▶ [WHAT YOU SHOULD DO]: Everything from the line containing "100 Nottingham Dr" to the last line of the listing below should be restated exactly, both ends included, with nothing added and the pictures omitted.
_____
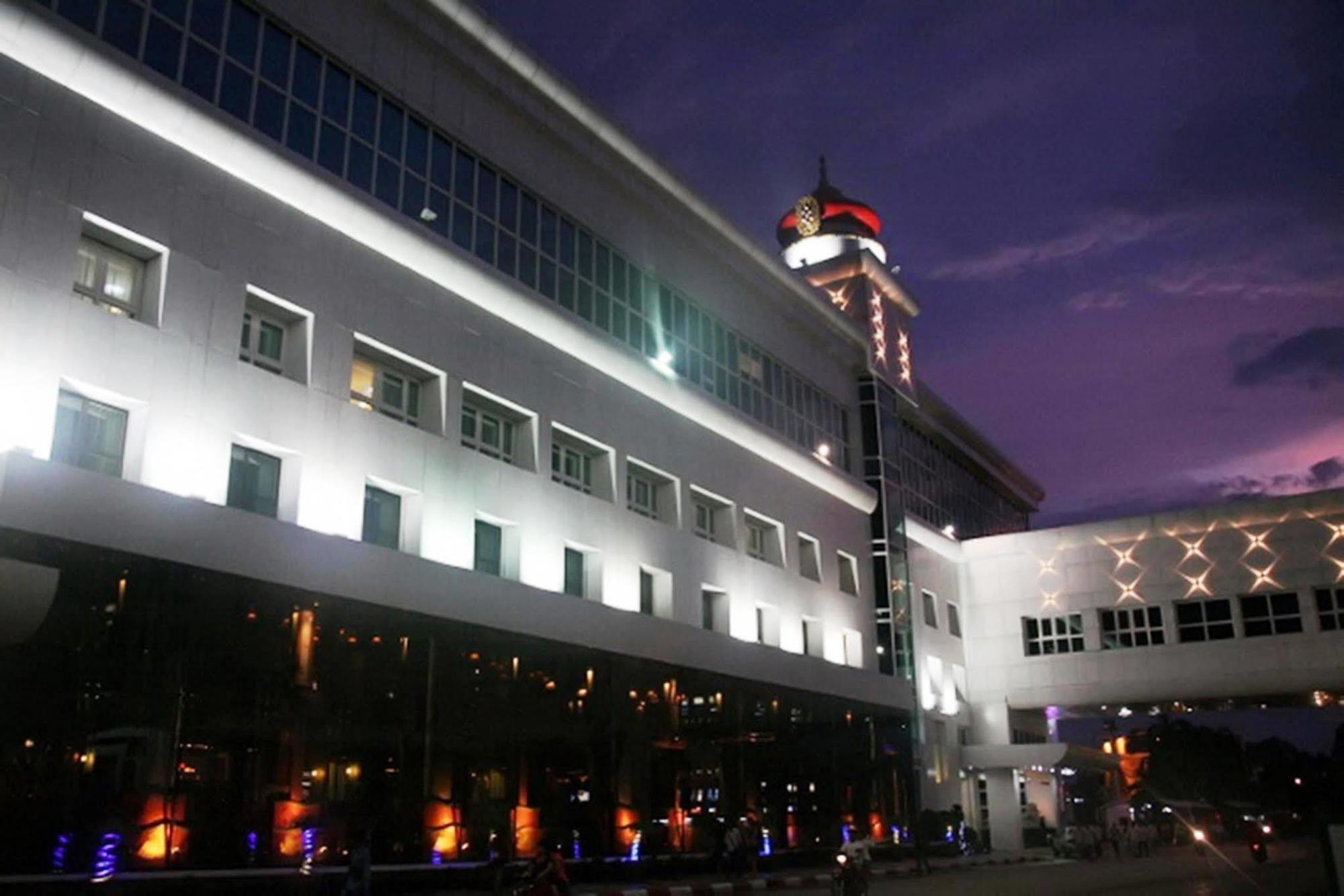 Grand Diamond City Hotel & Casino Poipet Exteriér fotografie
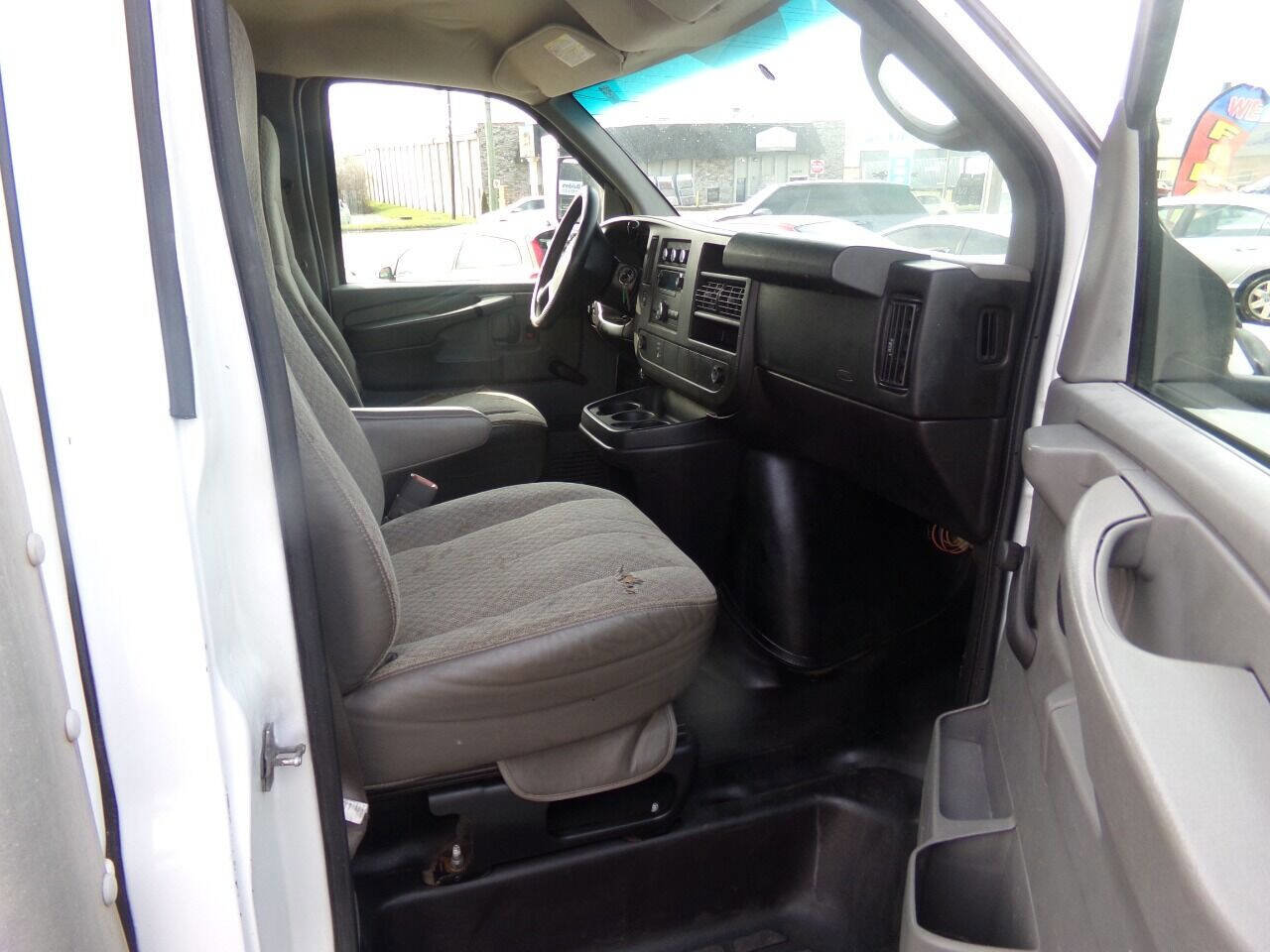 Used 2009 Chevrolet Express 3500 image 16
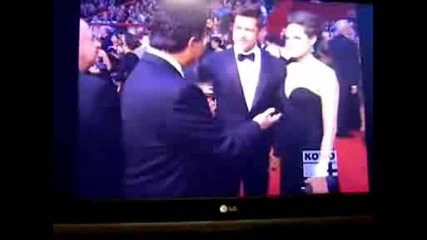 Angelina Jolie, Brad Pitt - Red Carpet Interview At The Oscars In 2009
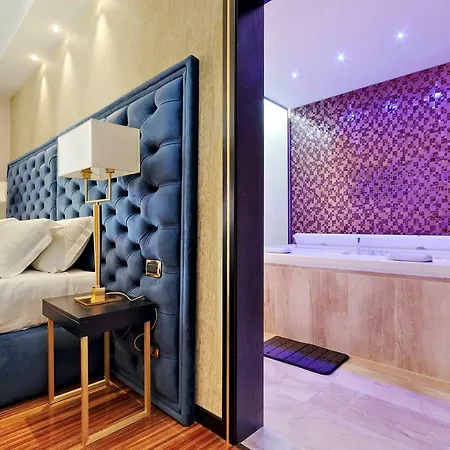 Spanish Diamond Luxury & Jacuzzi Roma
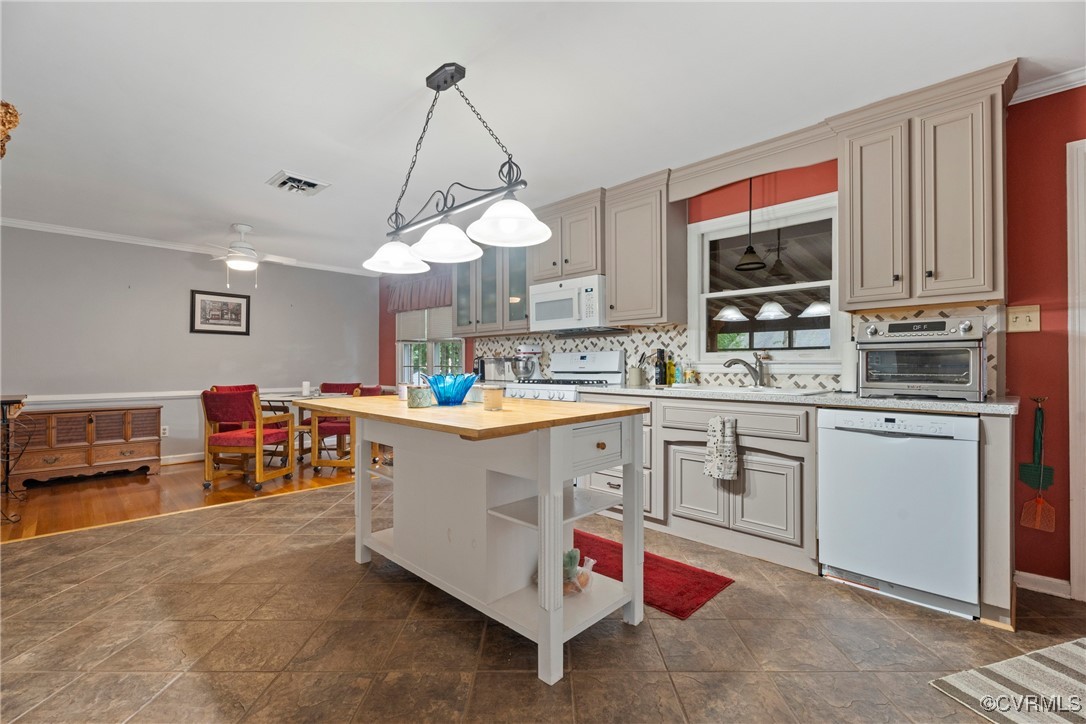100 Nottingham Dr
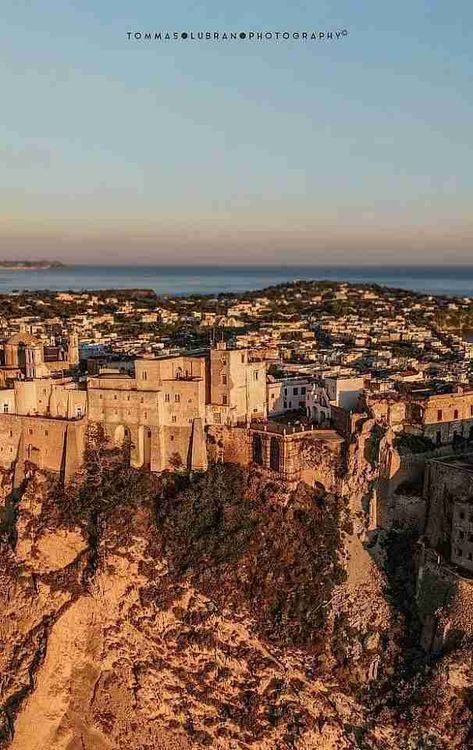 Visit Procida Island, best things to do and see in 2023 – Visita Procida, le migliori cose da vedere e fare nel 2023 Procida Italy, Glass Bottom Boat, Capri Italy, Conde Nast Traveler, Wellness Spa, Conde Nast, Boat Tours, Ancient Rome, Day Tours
_____
▶ [TASK RESULT]:
100 Nottingham Dr
 Visit Procida Island, best things to do and see in 2023 – Visita Procida, le migliori cose da vedere e fare nel 2023 Procida Italy, Glass Bottom Boat, Capri Italy, Conde Nast Traveler, Wellness Spa, Conde Nast, Boat Tours, Ancient Rome, Day Tours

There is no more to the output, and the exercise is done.